Hacker News new | ask | show | jobs
by raintrees 2475 days ago
I obtained a low-tech phone for SMS and phone calls. I then turned my Samsung Android back into a PDA by removing the SIM chip.

I explain to my clients when they express astonishment at my low-tech phone that I am protecting their security, as I have the PDA sync with my Exchange Server, where I keep sensitive info to provide them support and I do not allow the low-tech phone to access my Exchange Server.

I also tell them that I had based my decision on the track records of Google, Apple, Verizon, etc. in regards to security.

Nothing is perfect, but at least my attack surface is lessened.

3 comments

Isn't connecting to Microsoft being online? Unless you're running exchange on an OFFLINE, LOCAL NETWORK your outgoing traffic to Google will contain metadata and you're not stopping anything by removing the SIM card other than inconveniencing yourself.

It still calls home, it's still online.
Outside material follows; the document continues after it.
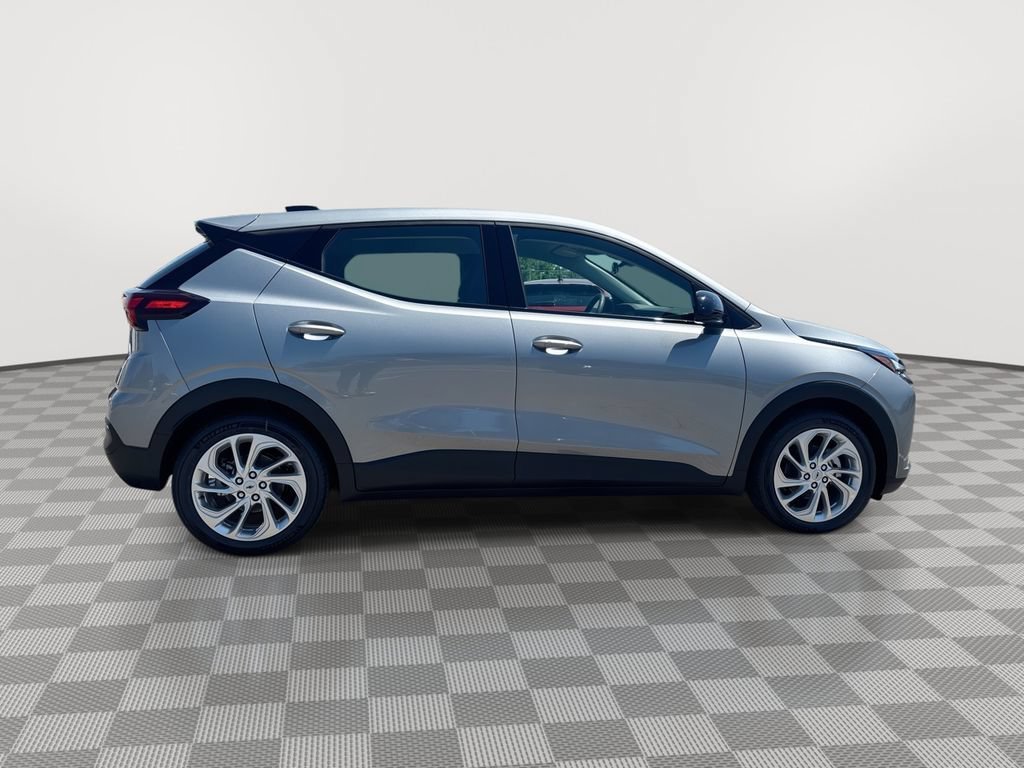New 2027 Sterling Grey Metallic Chevrolet LT image 10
Lock down Microsoft and Google's IPs permanently, outbound, on all networks you use or this won't work.

I run my own servers, so no, no connection to Microsoft except for updates.
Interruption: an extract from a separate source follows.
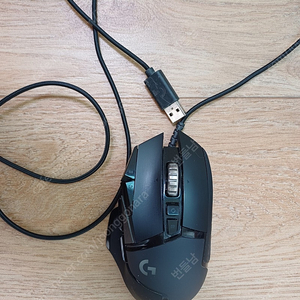 로지텍 G502 유선 게이밍 마우스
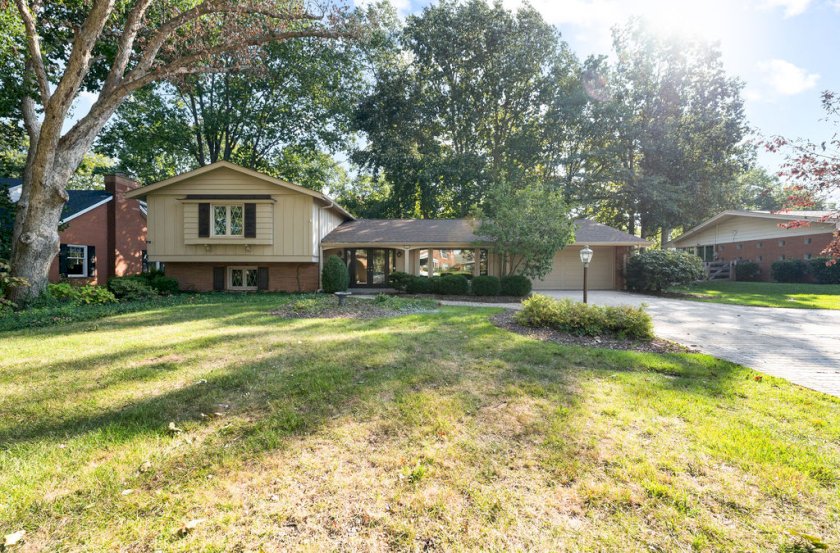 7666 Pineglen Dr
Google is not involved, my DNS is my own server with the base servers as their lookups, not Google DNS. My PDA only connects over WiFi, since there is no SIM.

So unless Google is purposely getting involved with a WiFi connection to a local, private server, they are not involved, either.
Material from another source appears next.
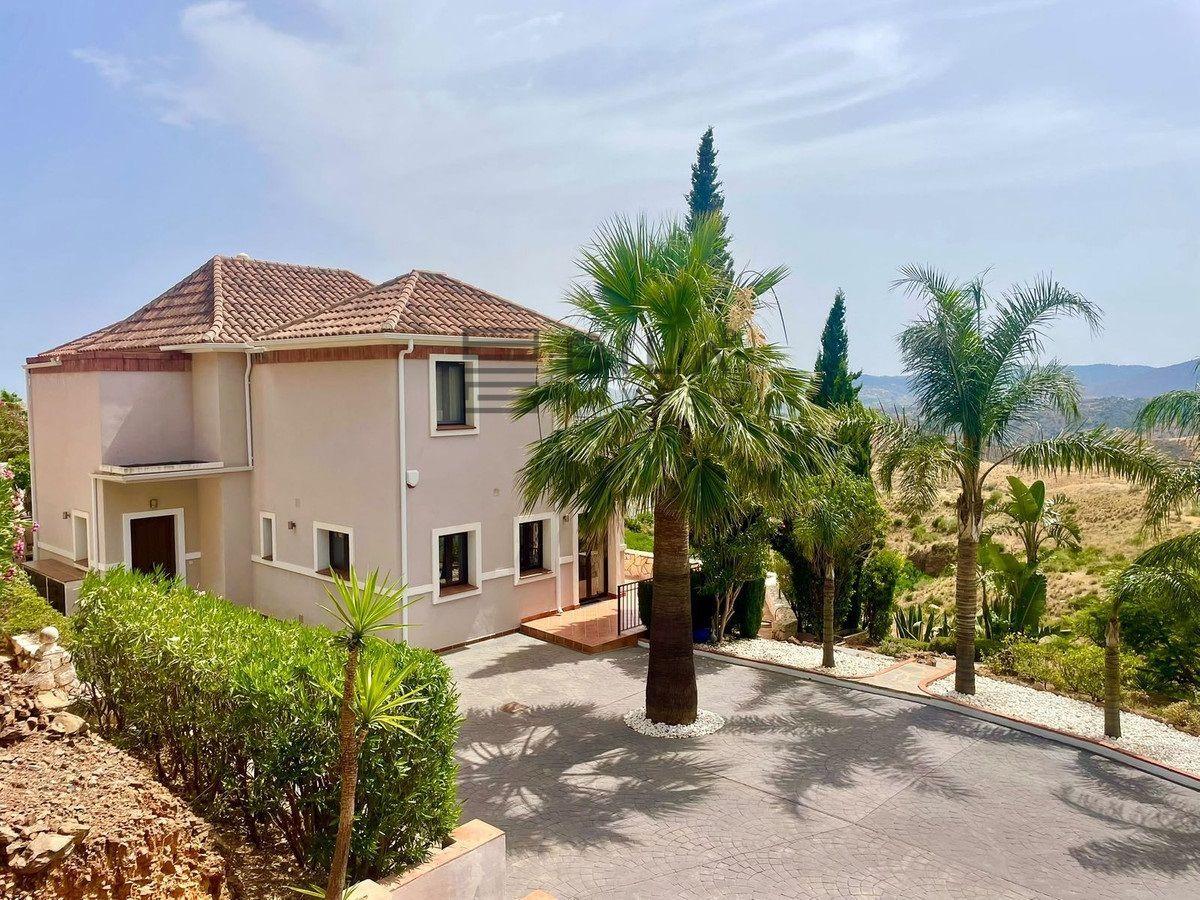 Chalet for Sale in Mijas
I stripped off all of the other apps as well.

To further clarify, I have been a dev for 30 years, mostly the Microsoft arena, and more recently, Linux. I also run a service business for small business clients, and eat my own dog food. In so doing, I have off and on again been an MSDN member, which included licenses (for development) of the Microsoft technology stack, which until recently included their Small Business Server product. That is how I got my start.

I have run my own Exchange Server(s) since 1995. And DNS, DHCP, etc.

I would personally much rather have my text messages and VoIP phone calls encrypted (usually iMessage and FaceTime audio, but Signal and WhatsApp are popular with Android users), which AFAIK is only available on smartphones, than split out calling and texting from a primary phone.

I’ve also heard that Apple doesn’t allow the baseband direct access to the application processor’s memory, but I don’t know how true that is. There doesn’t seem to be much thought given to this on Android phones.

You're still at risk of baseband exploits, but those are less common.